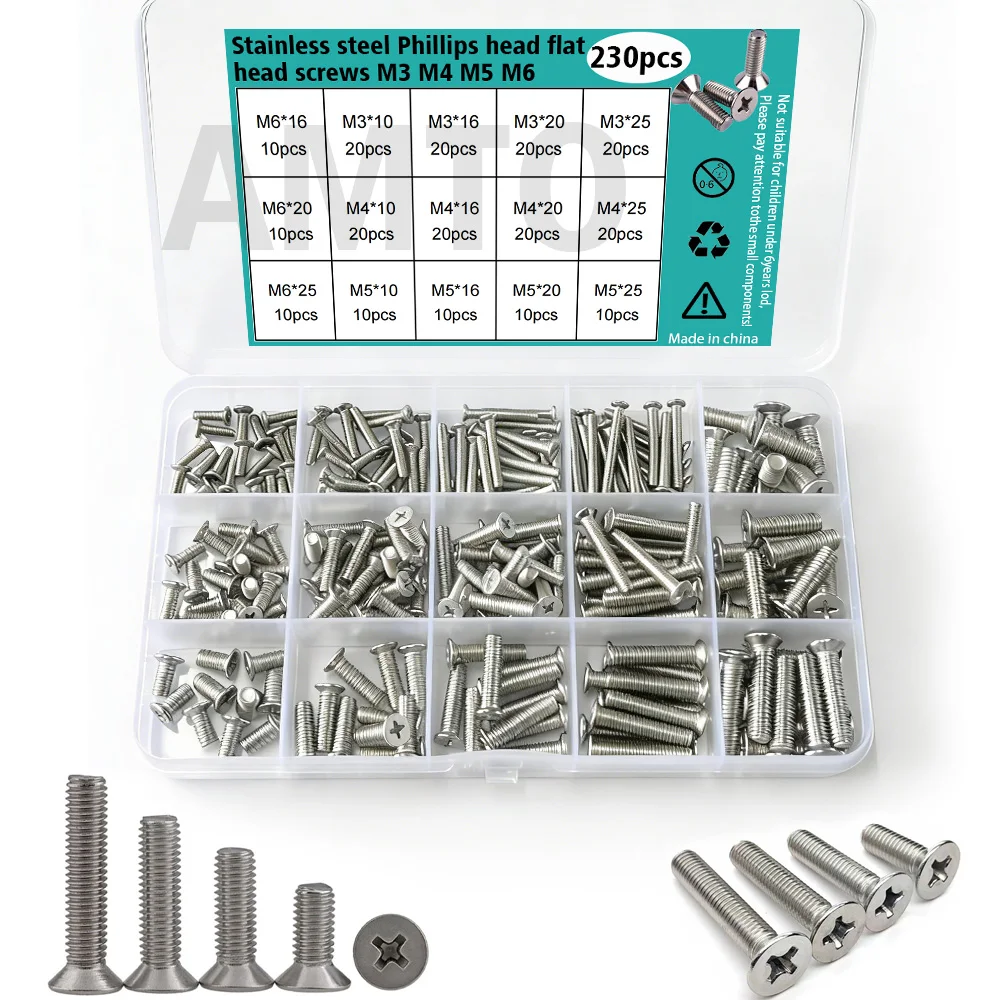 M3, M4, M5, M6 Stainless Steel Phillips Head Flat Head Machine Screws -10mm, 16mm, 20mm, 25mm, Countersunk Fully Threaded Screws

==

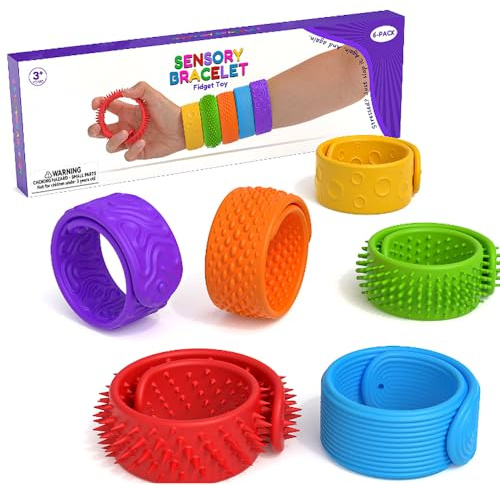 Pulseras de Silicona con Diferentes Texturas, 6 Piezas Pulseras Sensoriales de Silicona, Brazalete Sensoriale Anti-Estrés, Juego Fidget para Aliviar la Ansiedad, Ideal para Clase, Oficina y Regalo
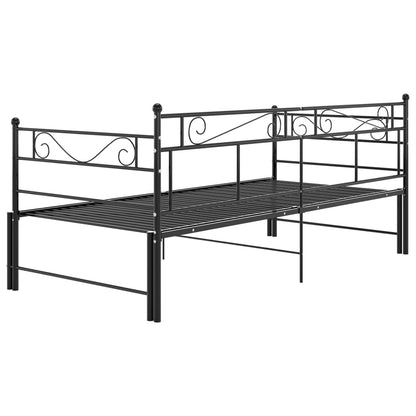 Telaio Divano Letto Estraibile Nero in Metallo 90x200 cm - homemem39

• _Exercise brief_
In the listing above, find the line with "Pulseras de Silicona" and the line with "Telaio Divano Letto". Set down exactly those lines and everything between them, skipping pictures.

• _Expected answer_
 Pulseras de Silicona con Diferentes Texturas, 6 Piezas Pulseras Sensoriales de Silicona, Brazalete Sensoriale Anti-Estrés, Juego Fidget para Aliviar la Ansiedad, Ideal para Clase, Oficina y Regalo
 Telaio Divano Letto Estraibile Nero in Metallo 90x200 cm - homemem39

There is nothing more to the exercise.